> _INPUT MATERIAL_
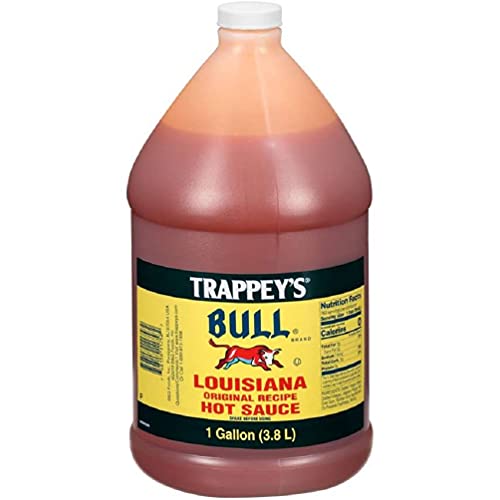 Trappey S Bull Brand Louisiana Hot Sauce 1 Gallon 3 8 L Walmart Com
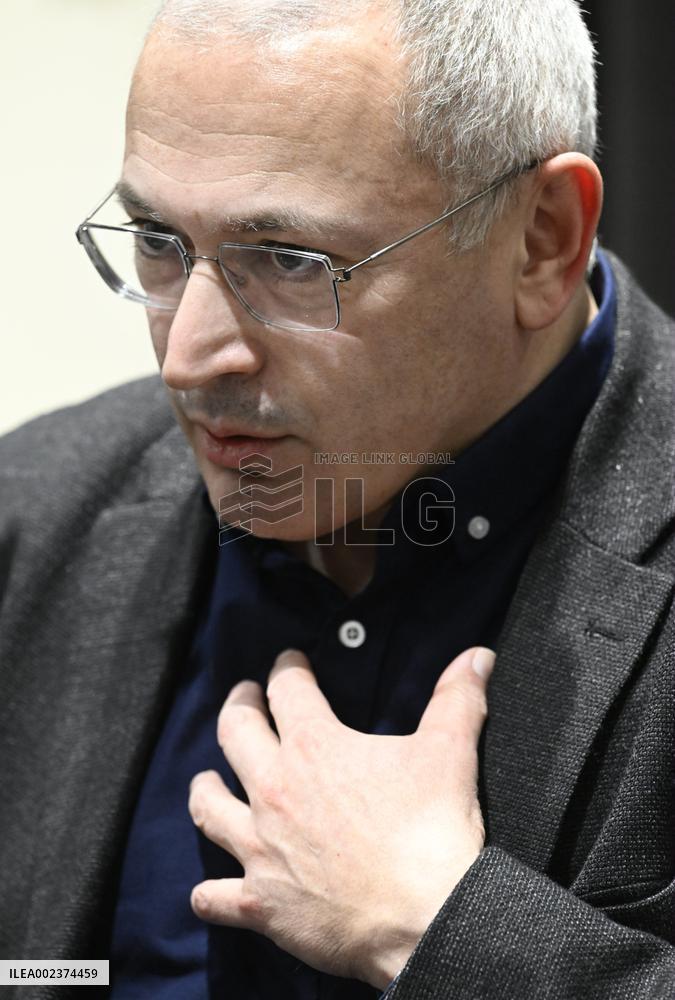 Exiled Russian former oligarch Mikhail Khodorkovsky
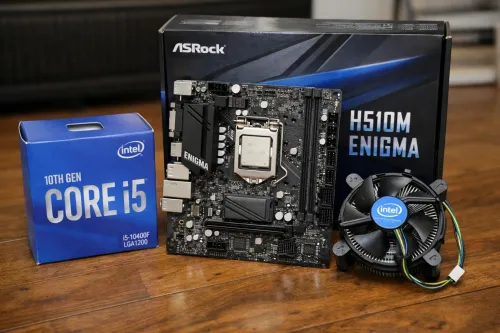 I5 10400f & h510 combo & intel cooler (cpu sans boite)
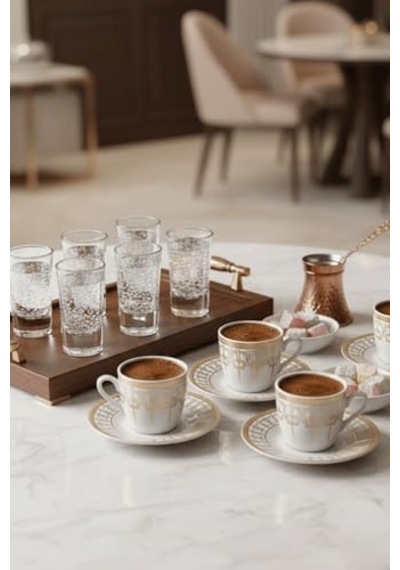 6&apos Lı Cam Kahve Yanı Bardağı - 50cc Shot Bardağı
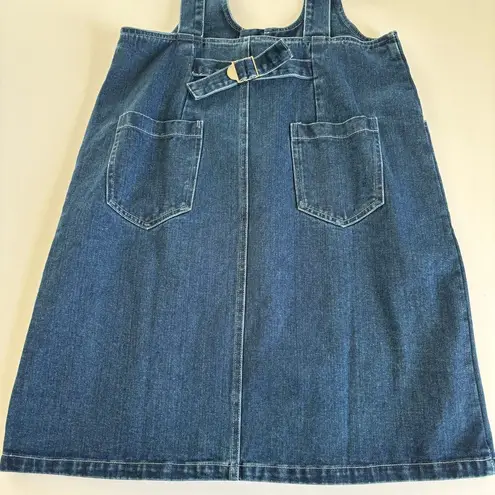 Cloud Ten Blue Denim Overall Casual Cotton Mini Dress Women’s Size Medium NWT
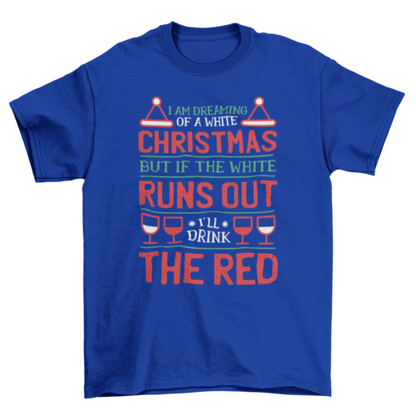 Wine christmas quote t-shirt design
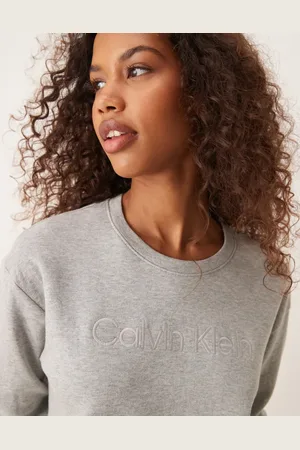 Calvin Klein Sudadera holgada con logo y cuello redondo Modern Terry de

> _DIRECTIONS FOR THIS TASK_
Please set down the lines from the one with "I5 10400f &" to the end of the entries above, exactly as they are, and drop every picture.

> _TASK RESPONSE_
 I5 10400f & h510 combo & intel cooler (cpu sans boite)
 6&apos Lı Cam Kahve Yanı Bardağı - 50cc Shot Bardağı
 Cloud Ten Blue Denim Overall Casual Cotton Mini Dress Women’s Size Medium NWT
 Wine christmas quote t-shirt design
 Calvin Klein Sudadera holgada con logo y cuello redondo Modern Terry de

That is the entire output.